*Requirement*
Could you please reproduce the entries exactly, leaving out any pictures?

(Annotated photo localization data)
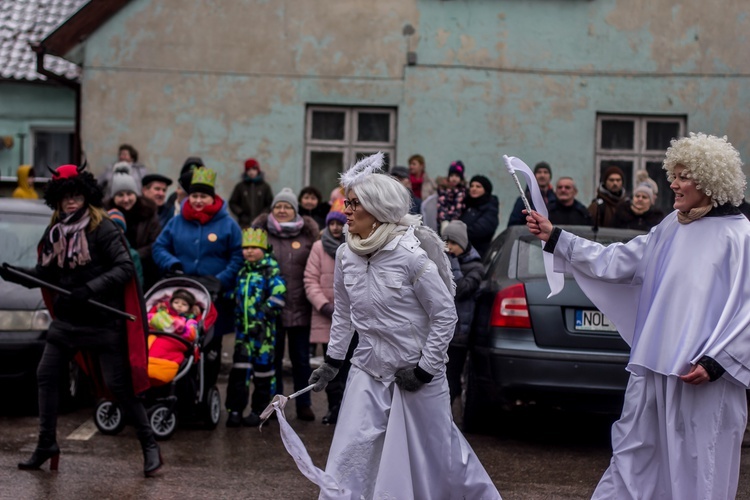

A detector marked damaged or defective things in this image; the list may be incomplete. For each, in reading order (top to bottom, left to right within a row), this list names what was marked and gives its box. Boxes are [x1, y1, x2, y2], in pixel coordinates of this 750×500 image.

peeling paint wall [78, 0, 750, 223]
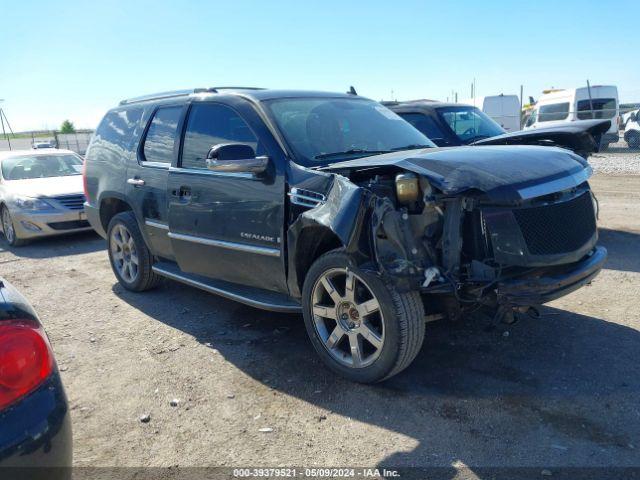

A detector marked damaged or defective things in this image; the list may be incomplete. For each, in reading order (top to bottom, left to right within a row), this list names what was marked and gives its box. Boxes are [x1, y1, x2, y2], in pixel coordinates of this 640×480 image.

bent hood [472, 119, 612, 158]
bent hood [2, 175, 85, 198]
bent hood [322, 143, 592, 202]
damaged cadillac escalade [84, 89, 604, 382]
shattered grille [512, 193, 596, 256]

*Completed exercise*
A detector marked damaged or defective things in this image; the list may be incomplete. For each, in reading order (top to bottom, left to right within a row), this list names what was marked and gives its box. Boxes are [x1, y1, x2, y2], in pixel coordinates of this 750×500 image.

peeling paint wall [78, 0, 750, 223]

A detector marked damaged or defective things in this image; the list may be incomplete. For each, in reading order (top to bottom, left to right within a row), this list names what was marked and gives its box. Boxes are [x1, y1, x2, y2], in pixel coordinates of this 640×480 image.

bent hood [472, 119, 612, 158]
bent hood [2, 175, 85, 198]
bent hood [322, 143, 592, 202]
damaged cadillac escalade [84, 89, 604, 382]
shattered grille [512, 193, 596, 256]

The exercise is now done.